I am going to analyse and optimize some C-Code and therefore I first have to check, whether the functions I want to optimize are memory-bound or cpu-bound. In general I know, how to do this, but I have some questions about counting Floating Point Operations and analysing the size of data, which is used. Look at the following for-loop, which I want to analyse. The values of the array are doubles (that means 8 Byte each):
for(int j=0 ;j<N;j++){
for(int i=1 ;i<Nt;i++){
matrix[j*Nt+i] = matrix[j*Nt+i-1] * mu + matrix[j*Nt+i]*sigma;
}
}
1) How many floating point operations do you count? I thought about 3*(Nt-1)*N... but do I have to count the operations within the arrays, too (matrix[j*Nt+i], which are 2 more FLOP for this array)?

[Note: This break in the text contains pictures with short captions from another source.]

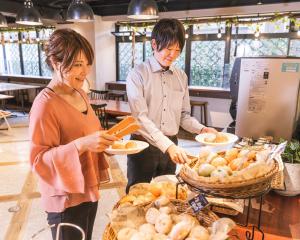 a man and a woman holding plates of food at HOTEL RELIEF Namba Daikokuchou in Osaka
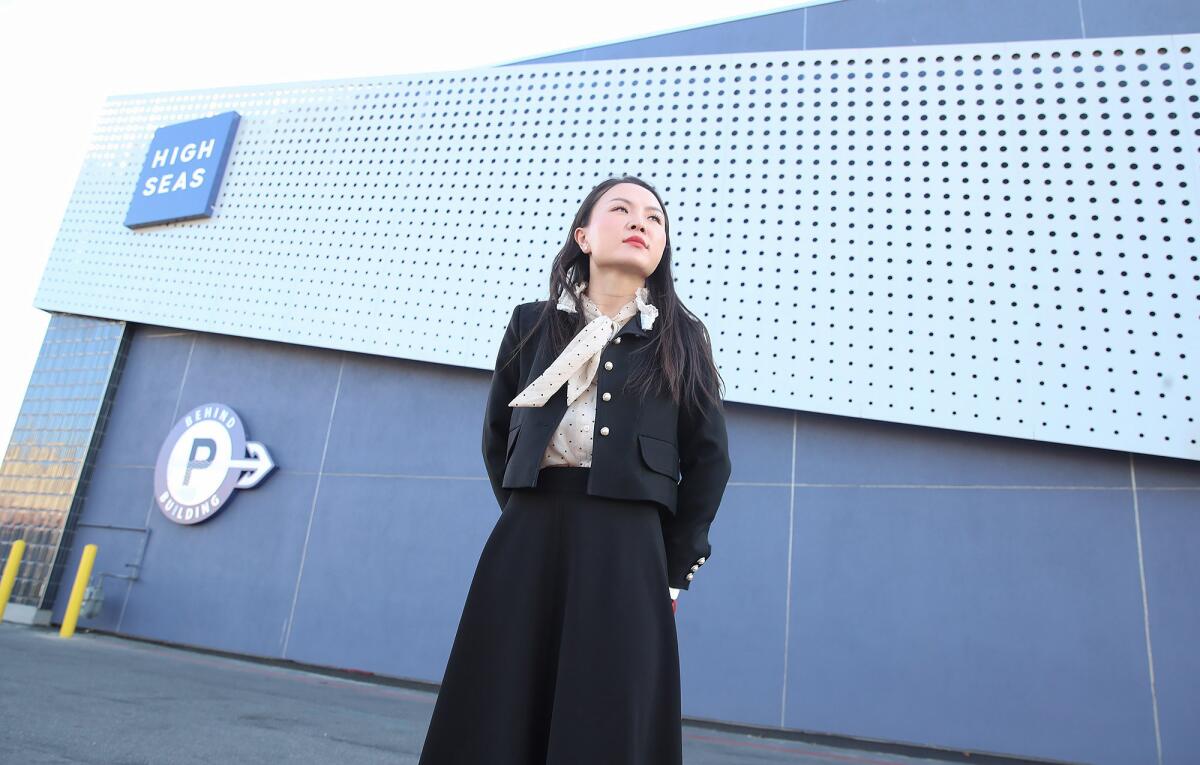 Rachel Xin stands outside her High Seas cannabis boutique in Costa Mesa.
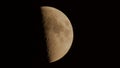 Photograph of Moon in the first quarter lunar phase Royalty Free Stock Photo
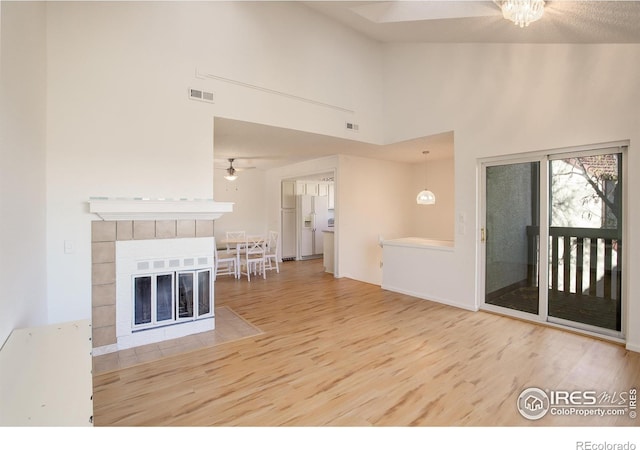 unfurnished living room with a fireplace, a high ceiling, ceiling fan, and hardwood / wood-style floors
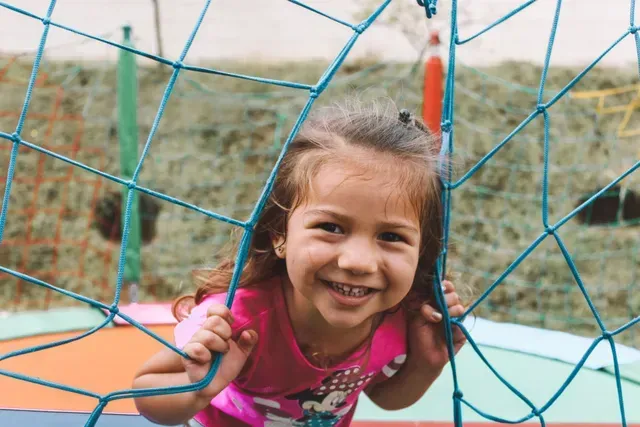 Smiling young girl lying on her stomach on a bed with her hand under her chin. She is holding a toy.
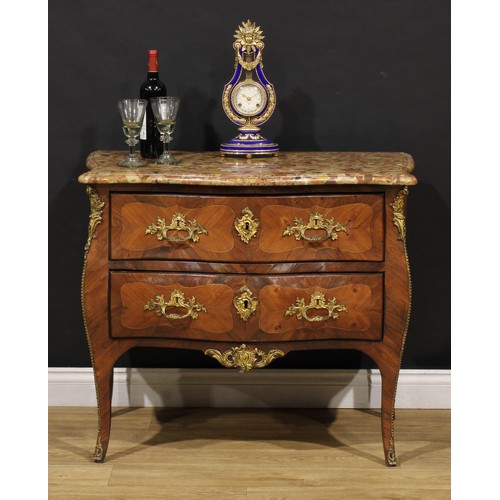 1883 - A 19th century French Louis XV Revival gilt metal mounted kingwood serpentine commode, marble top ab... 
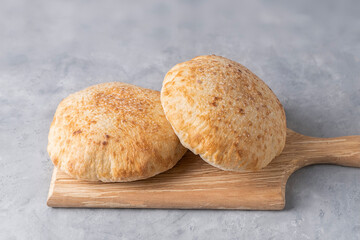 Pita bread on wooden board on neutral background. Georgian cuisine. Spanish food. National cuisine. Traditional dish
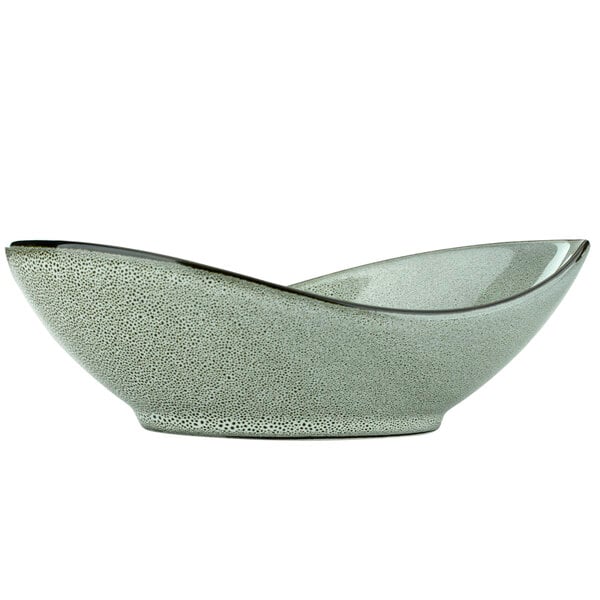 A white oval bowl with a black rim.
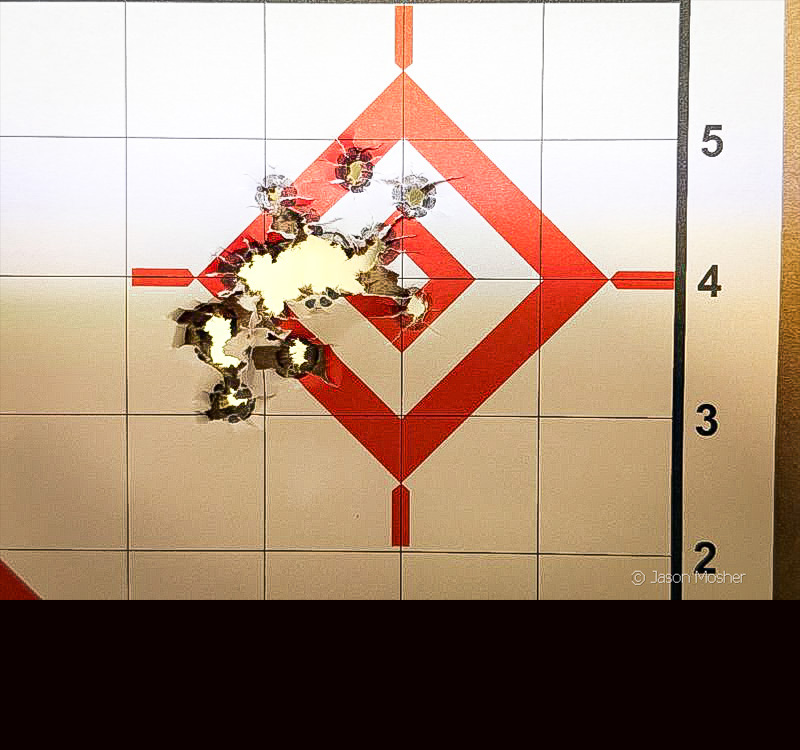 A target with holes in the center.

2)How much data is transfered? 2* ((Nt-1)*N)8Byte or 3 ((Nt-1)*N)*8Byte. I mean, every entry of the matrix has to be loaded. After the calculation, the new values is saved to that index of the array (now these is 1load and 1 store). But this value is used for the next calculation. Is another load operations needed therefore, or is this value (matrix[j*Nt+i-1]) already available without a load operation?
Thx a lot!!!